Tap, Tap, Tap
By Patrick F. Cannon
I mentioned to my daughter Beth that my laptop was in the shop getting its Wi-Fi connection fixed (it’s back, I’m typing on it now), and we got to chatting about the various ways one has had to type in my lifetime, and she suggested a piece on this subject might be of interest.
I guess I’ve probably written millions of words over the years. As late as the 1950s and 60s at Northwestern University I was still doing my papers in long hand. Not long after that, professors began to refuse to accept anything not typed. I remember in particular a paper I did on Existentialism. It must have run to a couple of thousand words. I got an A, most likely because the prof didn’t want to bother deciphering the scrawl. In that regard, I often wonder if Count Leo Tolstoy had good handwriting? Imagine typesetting the manuscript of War and Peace!
I really didn’t learn how to type until I was in the Army. Because I went to Signal School, I was taught on a Teletype machine. When I got out in 1963, I bought a manual portable typewriter; a Royal as I recall. In my first real job after the service, I didn’t need a typewriter, as I dictated most of my correspondence. I did see my first Xerox machine there, and it seemed the marvel of the age. It was roughly the size of a refrigerator and could make only one copy at a time. You fed an original into a slot and – voila! – a copy come out below.
Of course, there was nothing like e-mail then. If there was a need for urgency, you would send a Telex! We also had a direct phone line to corporate headquarters in New York, and a WATS line for other long distance calls.
In my next job, I did a good deal more writing – newsletters, brochures, and news releases. I used a manual, office-size machine for the drafts, which were then finish-typed by a secretary. It was only in a subsequent job that I got my own typewriter. My then boss told me to buy any electric portable I was comfortable with. I chose a Remington, which churned out reams of deathless prose. By the way, in those days, if your copy was going to appear in print, it had to be sent to the typesetter. When I started, it would have been composed on a linotype machine, which produced what we called “hot type.” Very soon, however, this was replaced by photo-type, then by computer-generated type. The type house would send galleys. If you made any changes, you were charged.
To this day, I still remember the glee I felt in being given my IBM Selectric typewriter in a later job. It had the magic type-ball, and a correcting feature! No more need to use the dreaded white out! There was a time when every desk in the civilized world had a little bottle of the stuff at the ready. The next advance – was it sometime in the early 1980s? – was having a word processing terminal at my desk. This was something of an advance, since you could print documents and letters yourself after making corrections. Alas, you still needed a typewriter to make envelopes. But the magical thing in both cases was the automatic carriage return!
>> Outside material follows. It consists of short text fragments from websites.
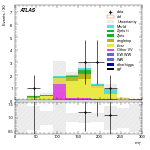 [ee+mm]-CutVBF_TopControl_2jet_MJJ_GT1500_PTH_0_200-MT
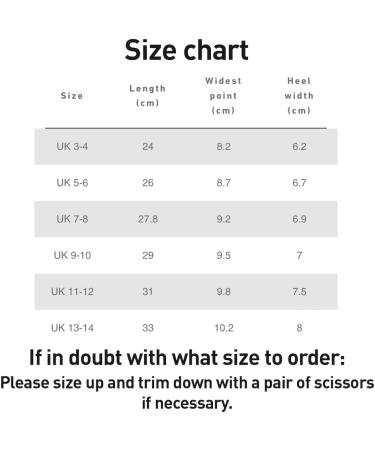 Enertor PX1 Walking Insoles - Full Length Orthotics for Foot Pain Relief | Shock Absorbing Technology | For Plantar Fasciitis, Arch Support, and Pronation | UK 5-6 - Buy Online on SooperMarket.com
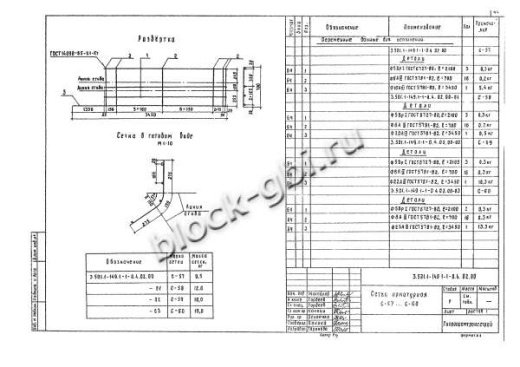 Фундамент ТС-60-3,5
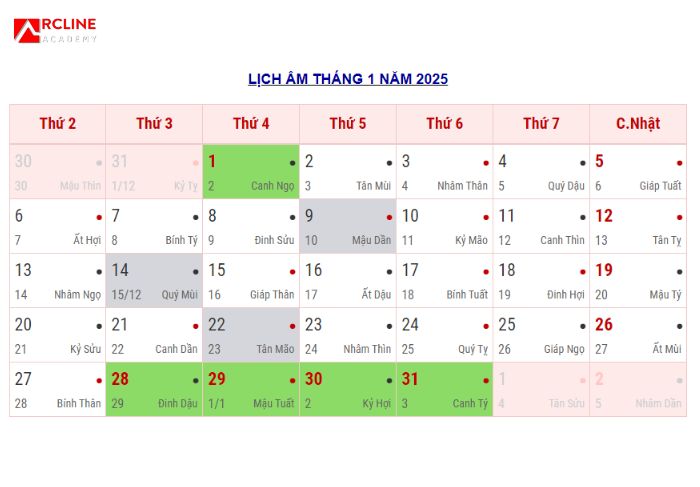 tử vi hàng ngày bát tự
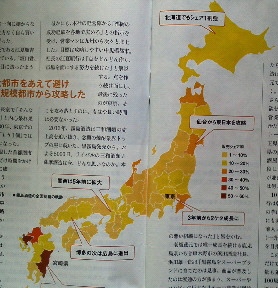 大都市をあえて避け中規模都市から攻略した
People will perhaps be amazed to discover that most typewriters had a dandy feature called the carriage return. As you typed away and got close to the right margin, a warning bell would ring. If you didn’t heed its call, and kept on typing, the little letters would keep appearing until they ran off the end of the page. Not good. Heeding the bell, you were faced with a decision. If you had typed a complete word, your right hand would rise up and manually use the supplied lever to return the carriage to the left margin. Most electric machines had a key to accomplish the same.
But if you were in the middle of a long word – let’s say exaggeration — you had to hyphenate it, i.e., decide where to separate the word into two parts, with one part on the line you’re currently typing upon, and the rest on the next. This could not be done willy-nilly, but according to established rules. If you were unsure about just where you could properly separate a particular word, you looked to a dictionary for guidance. Many of you will be amazed to discover that dictionaries were once actually contained in large books. A knowledge of the alphabet was required to navigate them.
Nowadays, all the fun has been taken out of writing. The laptop I’m writing this on would let me type away until the end of days without worrying me about hyphenating a word, or using a return bar or button. It even alerts me when it thinks I have misspelled a word, or even composed a run-on sentence. By the way, I just misspelled “sentence” and it corrected me automatically.
The job of typesetter is no more. For all of my five published books, I simply sent the publisher the Word texts as e-mail attachments (it took several). They then ran the files through a program that gave them the text in a style and size they wanted. Of course, some writers still prefer to compose in long hand. I once worked with one who would write all his articles by hand, then type them on his computer. He had to work longer hours to do all this, but he didn’t mind.
By the way, typewriters have now become collector items. If you happen to have an old Smith-Carona gathering dust in the attic, you might want to give Tom Hanks a call. He might be missing that model.